-- Task objective --
Below are lines of data, and only some are wanted. Please repeat exactly those from the line that has "1810 Thompson Ave, Zion, IL 60099 - photo 4" through the line that has "PLW 16-6/ 4-10".

#### Working data ####

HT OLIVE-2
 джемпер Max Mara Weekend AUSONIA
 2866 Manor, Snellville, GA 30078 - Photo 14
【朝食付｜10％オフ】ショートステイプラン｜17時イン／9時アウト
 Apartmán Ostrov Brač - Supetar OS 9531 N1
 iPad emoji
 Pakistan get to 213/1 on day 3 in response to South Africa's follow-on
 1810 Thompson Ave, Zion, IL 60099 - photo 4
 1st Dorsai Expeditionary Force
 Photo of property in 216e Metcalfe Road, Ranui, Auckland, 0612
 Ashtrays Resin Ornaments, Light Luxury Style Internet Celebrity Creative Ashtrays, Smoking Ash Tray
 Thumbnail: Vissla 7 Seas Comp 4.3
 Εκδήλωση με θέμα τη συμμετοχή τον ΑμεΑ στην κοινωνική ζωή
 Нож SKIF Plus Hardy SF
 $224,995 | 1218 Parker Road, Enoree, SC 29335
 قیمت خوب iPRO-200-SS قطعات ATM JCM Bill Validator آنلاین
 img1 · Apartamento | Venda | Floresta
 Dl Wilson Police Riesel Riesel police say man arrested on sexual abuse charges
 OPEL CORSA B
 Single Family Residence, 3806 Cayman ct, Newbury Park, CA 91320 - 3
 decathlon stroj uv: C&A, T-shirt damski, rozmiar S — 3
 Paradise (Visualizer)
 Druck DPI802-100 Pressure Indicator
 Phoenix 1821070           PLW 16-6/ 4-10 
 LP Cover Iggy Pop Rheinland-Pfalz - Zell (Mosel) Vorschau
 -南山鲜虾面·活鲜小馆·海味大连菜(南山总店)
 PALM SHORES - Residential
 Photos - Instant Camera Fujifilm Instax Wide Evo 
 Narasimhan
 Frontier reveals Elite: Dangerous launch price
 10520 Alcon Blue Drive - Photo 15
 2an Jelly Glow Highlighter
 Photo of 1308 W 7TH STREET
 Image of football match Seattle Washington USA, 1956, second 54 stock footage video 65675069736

####

-- Exercise response --
 1810 Thompson Ave, Zion, IL 60099 - photo 4
 1st Dorsai Expeditionary Force
 Photo of property in 216e Metcalfe Road, Ranui, Auckland, 0612
 Ashtrays Resin Ornaments, Light Luxury Style Internet Celebrity Creative Ashtrays, Smoking Ash Tray
 Thumbnail: Vissla 7 Seas Comp 4.3
 Εκδήλωση με θέμα τη συμμετοχή τον ΑμεΑ στην κοινωνική ζωή
 Нож SKIF Plus Hardy SF
 $224,995 | 1218 Parker Road, Enoree, SC 29335
 قیمت خوب iPRO-200-SS قطعات ATM JCM Bill Validator آنلاین
 img1 · Apartamento | Venda | Floresta
 Dl Wilson Police Riesel Riesel police say man arrested on sexual abuse charges
 OPEL CORSA B
 Single Family Residence, 3806 Cayman ct, Newbury Park, CA 91320 - 3
 decathlon stroj uv: C&A, T-shirt damski, rozmiar S — 3
 Paradise (Visualizer)
 Druck DPI802-100 Pressure Indicator
 Phoenix 1821070           PLW 16-6/ 4-10 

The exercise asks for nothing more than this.